**REQUIRED WORK:** Make an exact copy of the whole listing, but leave its pictures out.

**SOURCE DATA:**

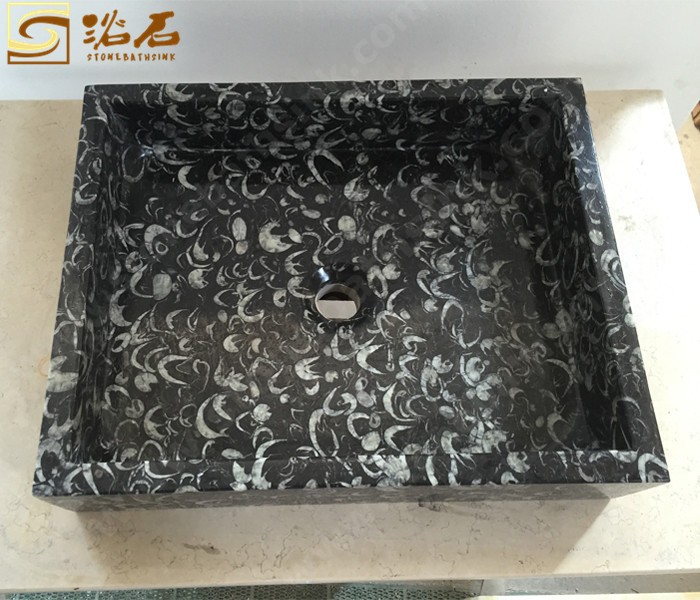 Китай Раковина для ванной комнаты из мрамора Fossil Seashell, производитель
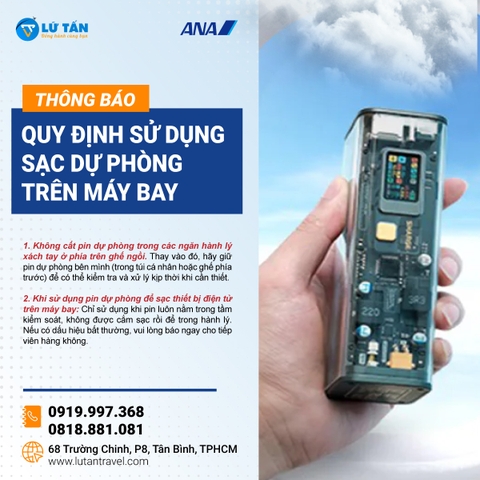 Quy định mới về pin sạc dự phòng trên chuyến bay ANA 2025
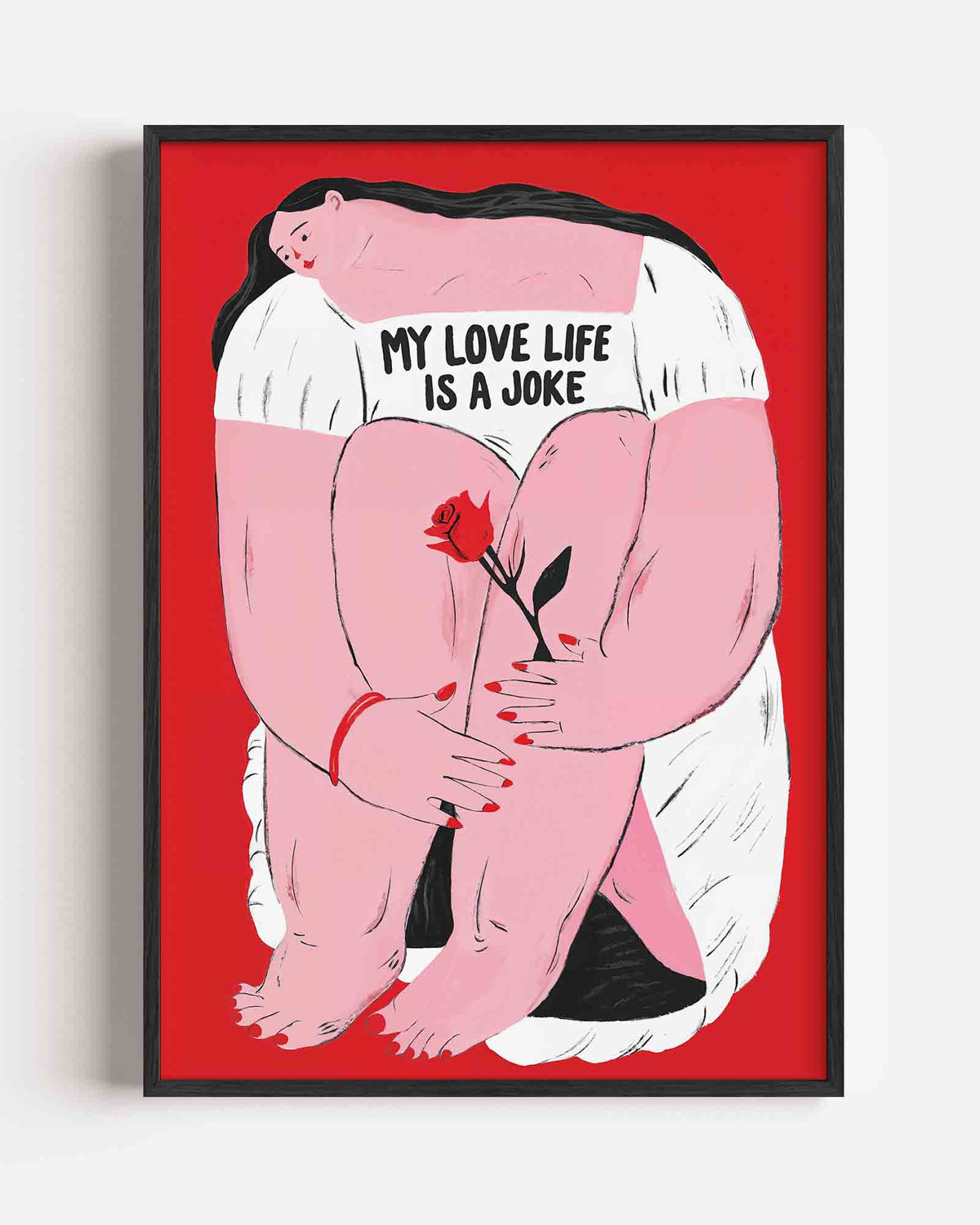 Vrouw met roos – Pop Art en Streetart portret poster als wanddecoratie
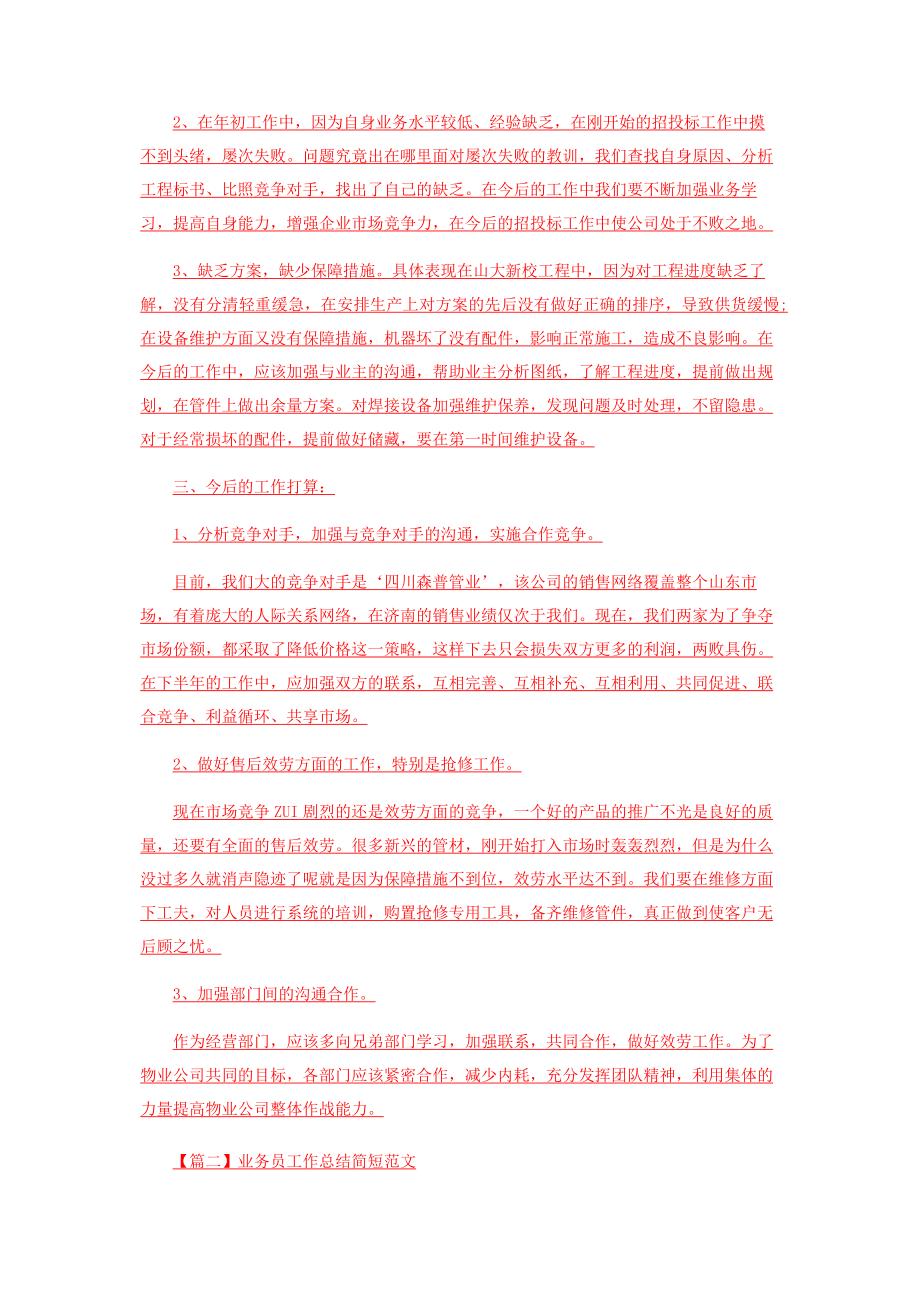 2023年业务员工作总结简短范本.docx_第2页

**ANSWER:**
 Китай Раковина для ванной комнаты из мрамора Fossil Seashell, производитель
 Quy định mới về pin sạc dự phòng trên chuyến bay ANA 2025
 Vrouw met roos – Pop Art en Streetart portret poster als wanddecoratie
 2023年业务员工作总结简短范本.docx_第2页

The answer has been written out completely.